### [Your goal]
Copy nothing but the text: reproduce each line of the listing exactly and leave the pictures out.

### [Raw data]

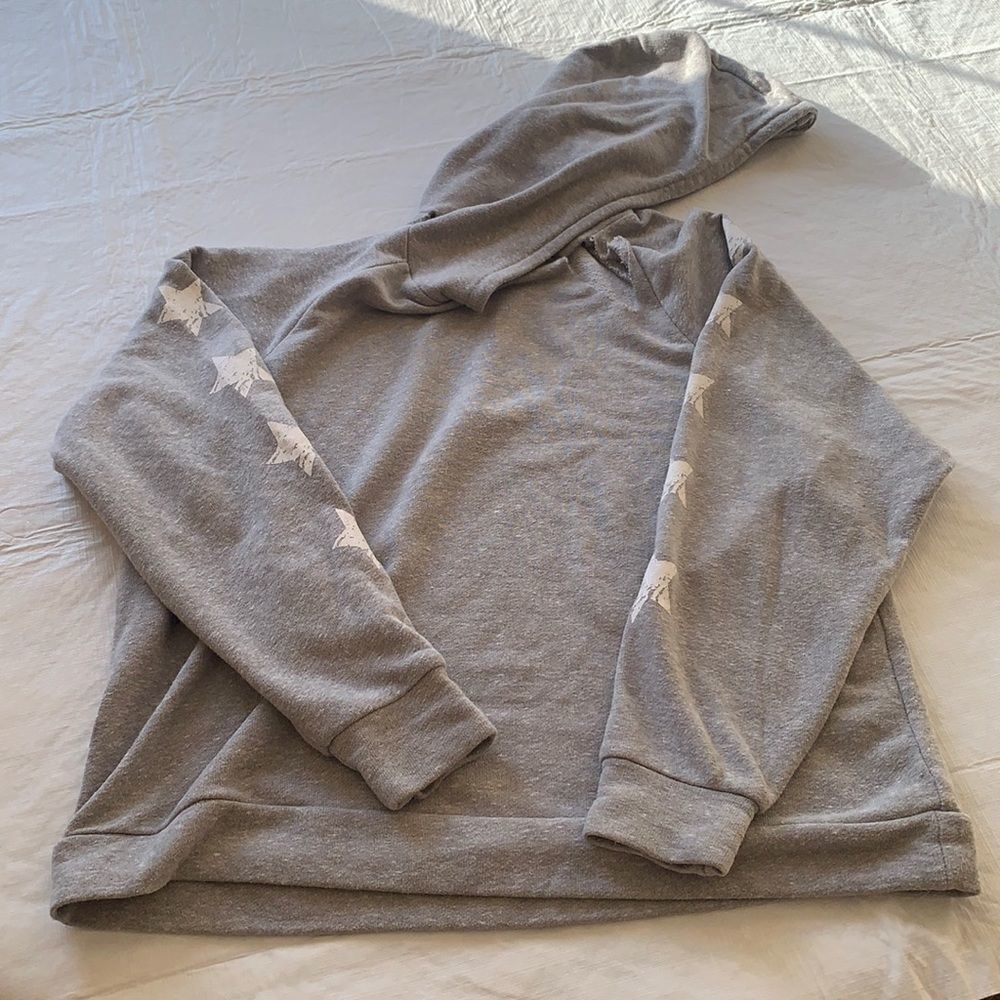 Star Sleeve Cut Out Hoodie Sweatshirt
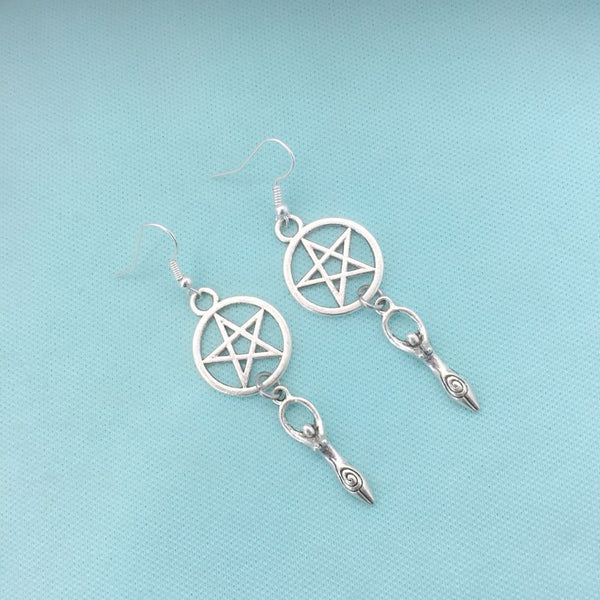 Pentagram and Goddess Silver Charms Earrings.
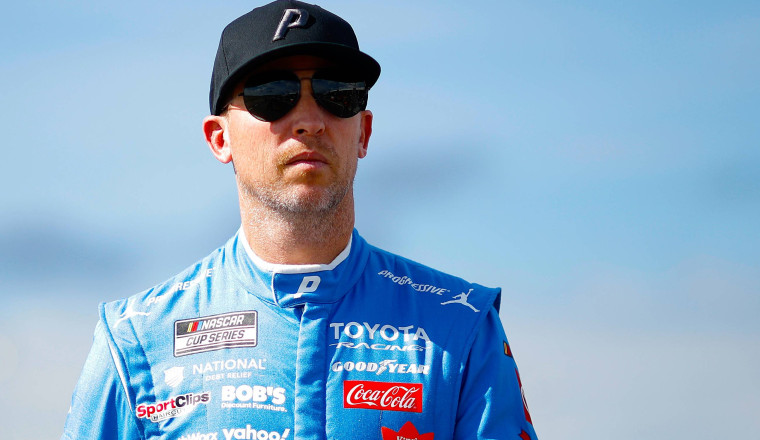 Denny Hamlin will start at the rear after grabbing Michigan pole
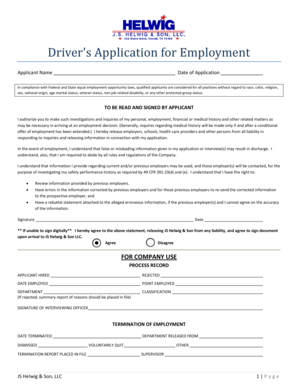 Driver’s Application for Employment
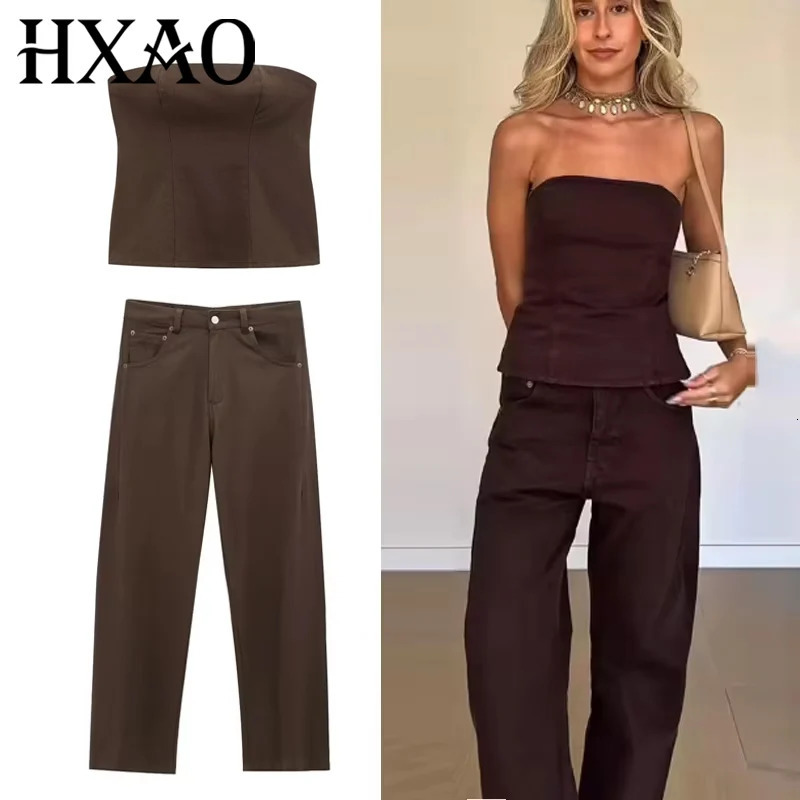 HXAO Jeans Pant Sets Womens Two Pieces Set Strapless Crop Top 2 Piece Sets Ladies Tanks Camis Baggy Denim Set Summer Outfits 260623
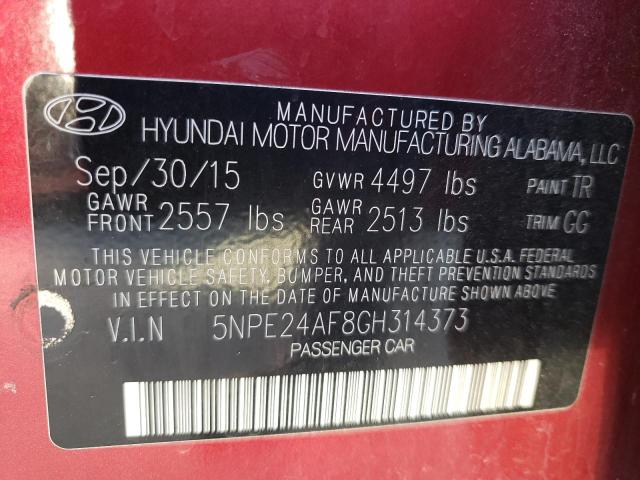 Photo 9 VIN: 5NPE24AF8GH314373 - HYUNDAI SONATA SE 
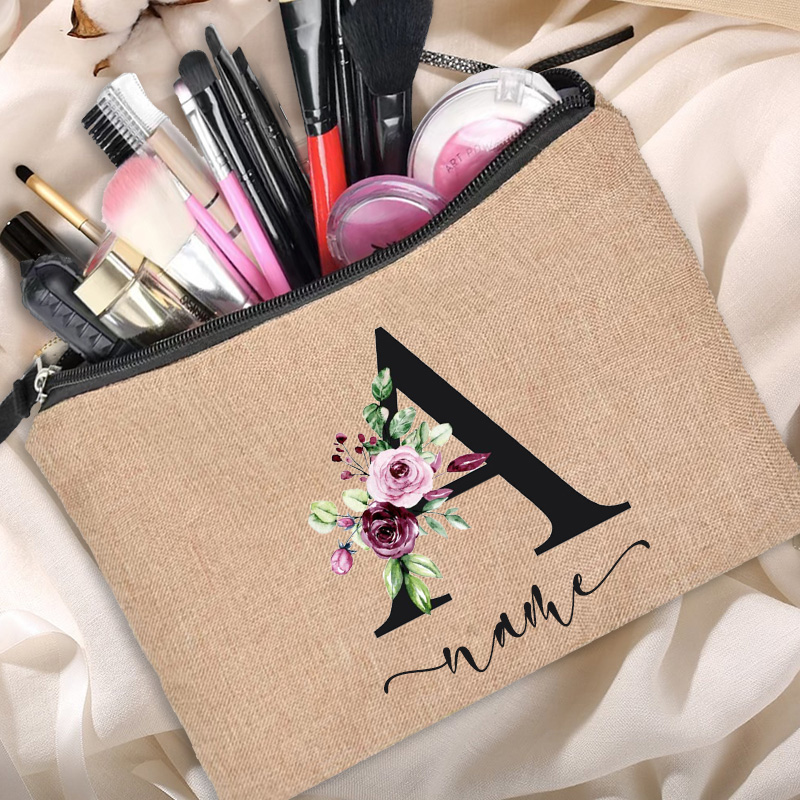 Beauty Makeup Names - กระเป๋าเครื่องสำอางผ้าลินินสำหรับปาร์ตี้สละโสดกระเป๋าคลัทช์สำหรับเพื่อนเจ้าสาว tas kosmetik ออกแบบชื่อได้ตามต้องการ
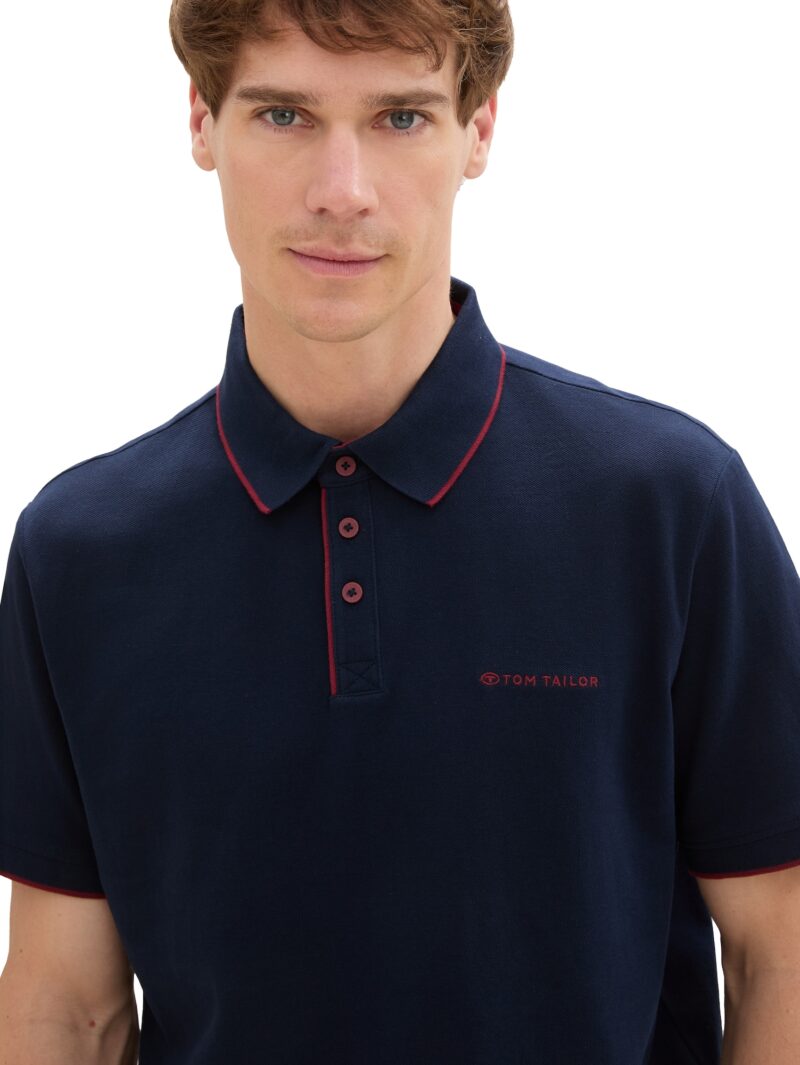 Preţ TOM TAILOR Tricou  bleumarin / roșu bordeaux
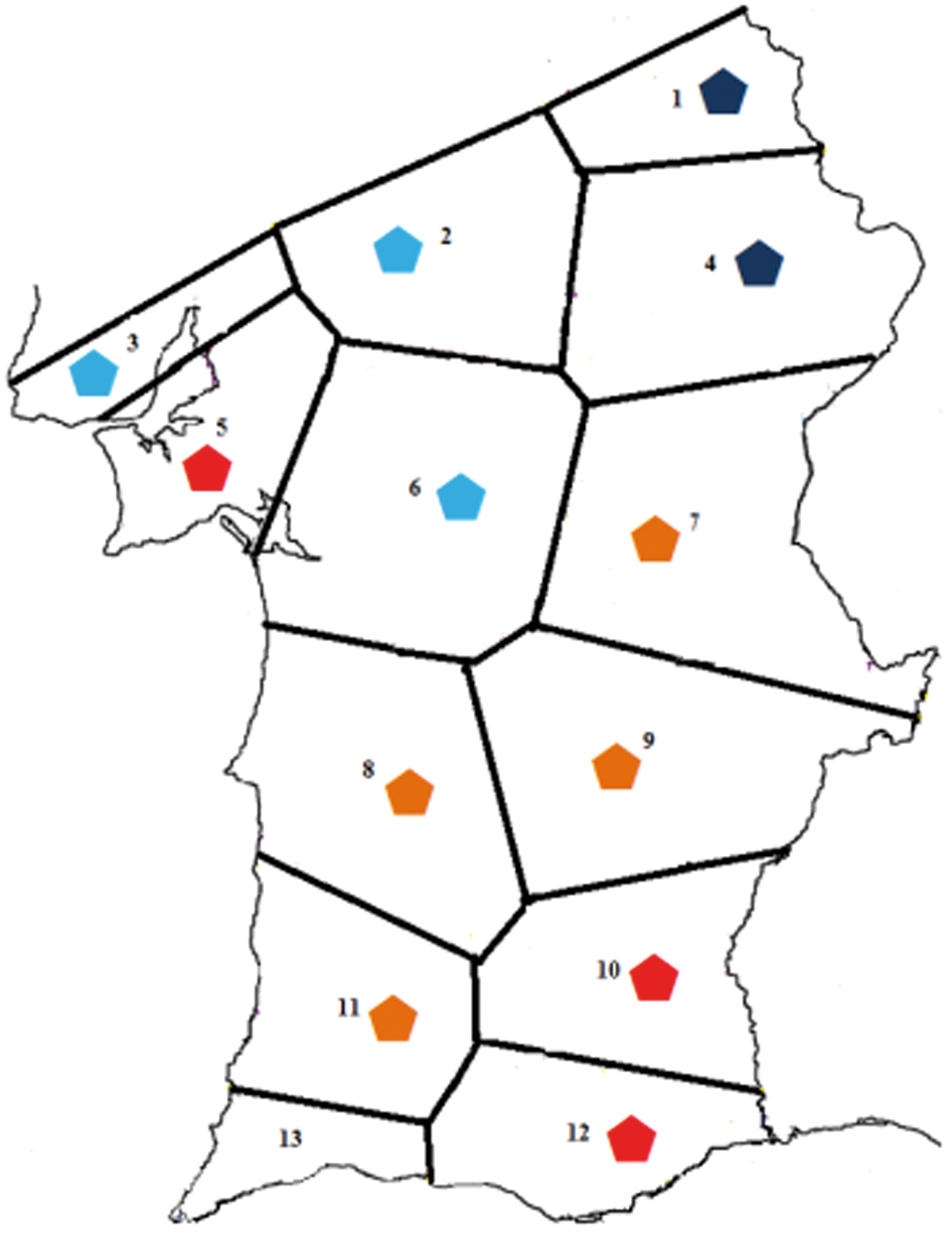 Mapa 7-2: Valores em função comunicativa entre Praia da Salema e os outros pontos (graus 0 e 1 vs. grau 2, valores percentuais).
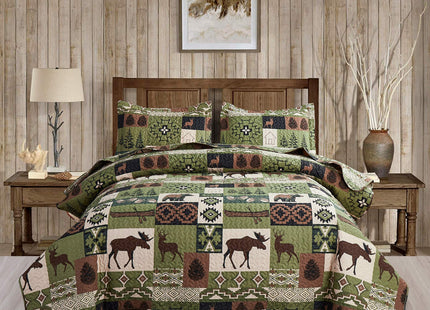 Ycosy Rustic Lodge Quilt Set Moose Elk Bedspread King Size Forest Bear Deer Quilt Matcha Green Reversible Festive Cabin Coverlets Farmhouse Decor Bed Cover Sets with 2 Pillow Shams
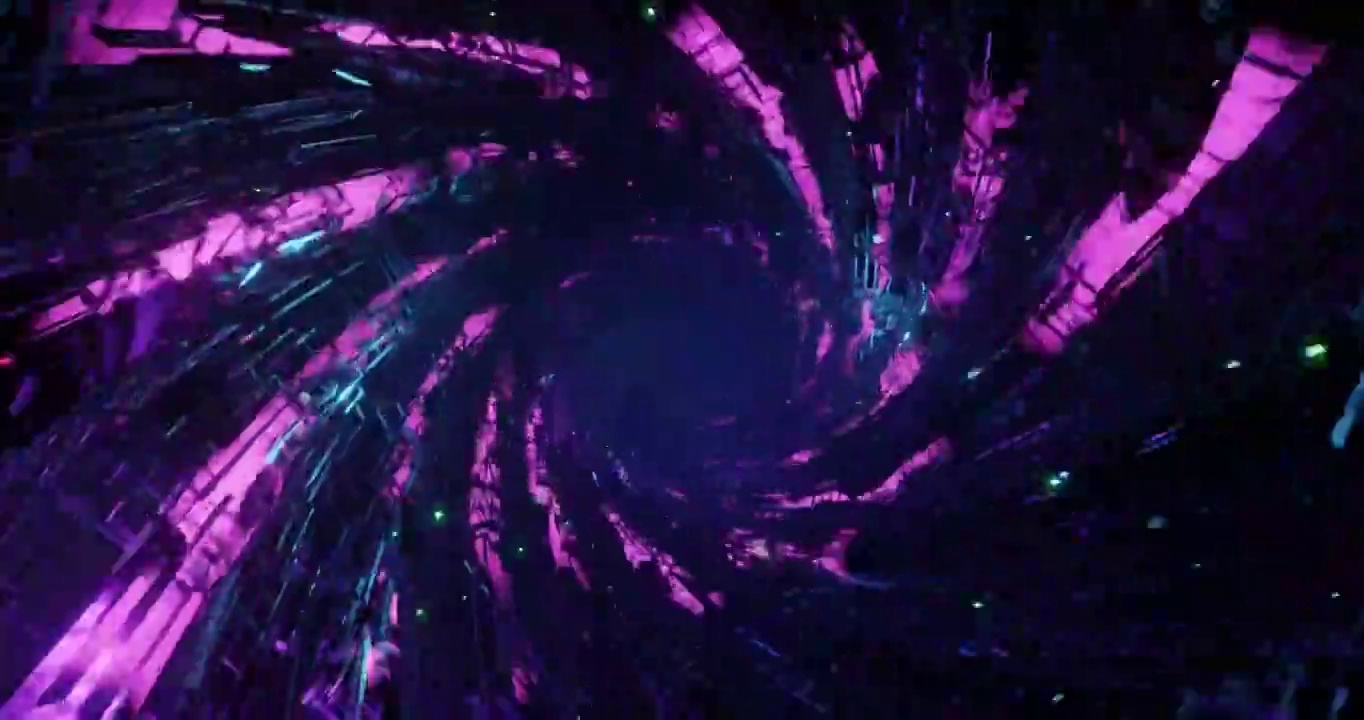 3D抽象科技风格旋转的隧道循环动画特效视频素材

### [The answer]
 Star Sleeve Cut Out Hoodie Sweatshirt
 Pentagram and Goddess Silver Charms Earrings.
 Denny Hamlin will start at the rear after grabbing Michigan pole
 Driver’s Application for Employment
 HXAO Jeans Pant Sets Womens Two Pieces Set Strapless Crop Top 2 Piece Sets Ladies Tanks Camis Baggy Denim Set Summer Outfits 260623
 Photo 9 VIN: 5NPE24AF8GH314373 - HYUNDAI SONATA SE 
 Beauty Makeup Names - กระเป๋าเครื่องสำอางผ้าลินินสำหรับปาร์ตี้สละโสดกระเป๋าคลัทช์สำหรับเพื่อนเจ้าสาว tas kosmetik ออกแบบชื่อได้ตามต้องการ
 Preţ TOM TAILOR Tricou  bleumarin / roșu bordeaux
 Mapa 7-2: Valores em função comunicativa entre Praia da Salema e os outros pontos (graus 0 e 1 vs. grau 2, valores percentuais).
 Ycosy Rustic Lodge Quilt Set Moose Elk Bedspread King Size Forest Bear Deer Quilt Matcha Green Reversible Festive Cabin Coverlets Farmhouse Decor Bed Cover Sets with 2 Pillow Shams
 3D抽象科技风格旋转的隧道循环动画特效视频素材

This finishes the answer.